The term "cleaned, cooled air" as used in the present specification
and claims, means air which has been cleaned or impurities such as
water vapor and carbon dioxide and is at a temperature below about
120.degree. K., preferably below about 110.degree. K.
The term "reflux ratio", as used in the present specification and
claims, means the numerical ratio of the liquid flow to the vapor
flow each expressed on a molal basis, that are countercurrently
contacted within the column to effect separation.
The term "equivalent", as used in Step (J), is used in order to
express a liquid in terms of a vapor and, as such, means equivalent
on a mass basis rather than, for example, a volume basis.
BRIEF DESCRIPTION OF THE DRAWINGS
FIG. 1 is a schematic representation of one preferred embodiment of
the process of this invention wherein none of the first
nitrogen-rich liquid portion is employed as liquid reflux for the
medium pressure column and an oxygen stream is expanded to provide
plant refrigeration.
FIG. 2 is a schematic representation of another preferred
embodiment of the process of this invention wherein an air stream
is expanded to provide plant refrigeration.

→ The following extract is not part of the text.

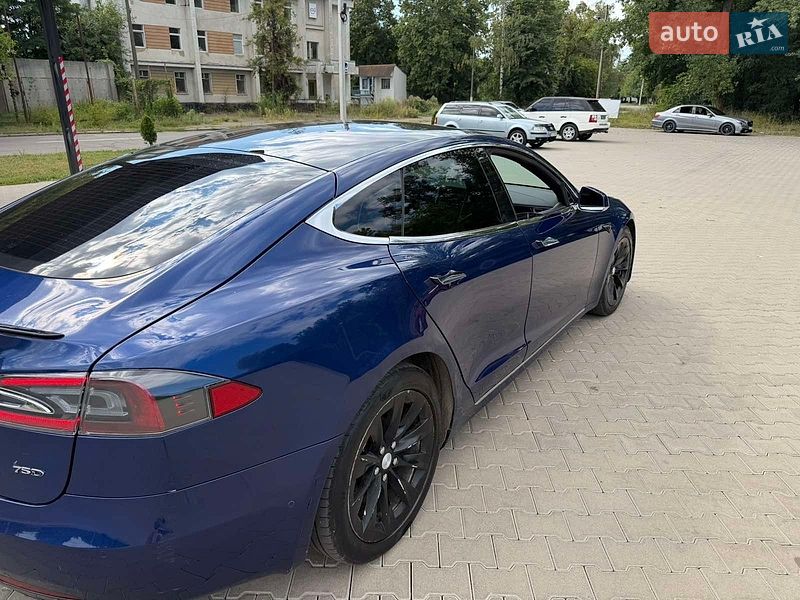 Лифтбек Tesla Model S 2017 в Черновцах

FIG. 3 is a schematic representation of another preferred
embodiment of the process of this invention wherein some of the
first nitrogen-rich liquid portion is employed as liquid reflux for
the medium pressure column.
DETAILED DESCRIPTION
The process of this invention will be described in detail with
rererence to the drawings.
Referring now to FIG. 1, pressurized feed air 101 is passed through
desuperheater 100 where it is cooled and cleaned of impurities,
such as water vapor and carbon dioxide, and from where it emerges
in a close-to-saturated condition at 102. The cooled pressurized
feed air stream 102 is divided into a minor fraction 105 and major
fraction 107. Stream 105 is employed to superheat return streams in
heat exchanger 135, and after condensation, is introduced as liquid
air stream 106 into high pressure column 108 whicn is operating at
a pressure of from 80 to 300 psia, preferably from 90 to 240 psia,
most preferably from 100 to 200 psia. Stream 107 is introduced to
the bottom of column 108 as high pressure vapor feed. In column 108
the feed air is separated by rectification into a first
nitrogen-rich vapor fraction and a first oxygen-enriched liquid
fraction. The first nitrogen-rich vapor fraction 109 is diviced
into portion 111, which comprises from 20 to 60 percent of fraction
109, preferably from 30 to 50 percent, most preferably from 35 to
45 percent, and which is removed from column 108, passed through
heat exchanger 135 and desuperheater 100 and recovered as product
high pressure nitrogen gas 141 at about ambient temperature. The
remaining portion 110 of the first nitrogen-rich vapor reaction is
introduced into condenser 134. The first oxygen-enriched liquid
fraction is removed from the bottom of column 108 as stream 115, is
subcooled in heat eachanger 116 against return stream 125 from
medium pressure column 118, expanded through valve 119 and
introduced into medium pressure column 118 which is operating at a
pressure, lower than the pressure of high pressure column 108, of
from about 40 to 150 psia, preferably from about 45 to 120 psia,
most preferably from about 50 to 90 psia.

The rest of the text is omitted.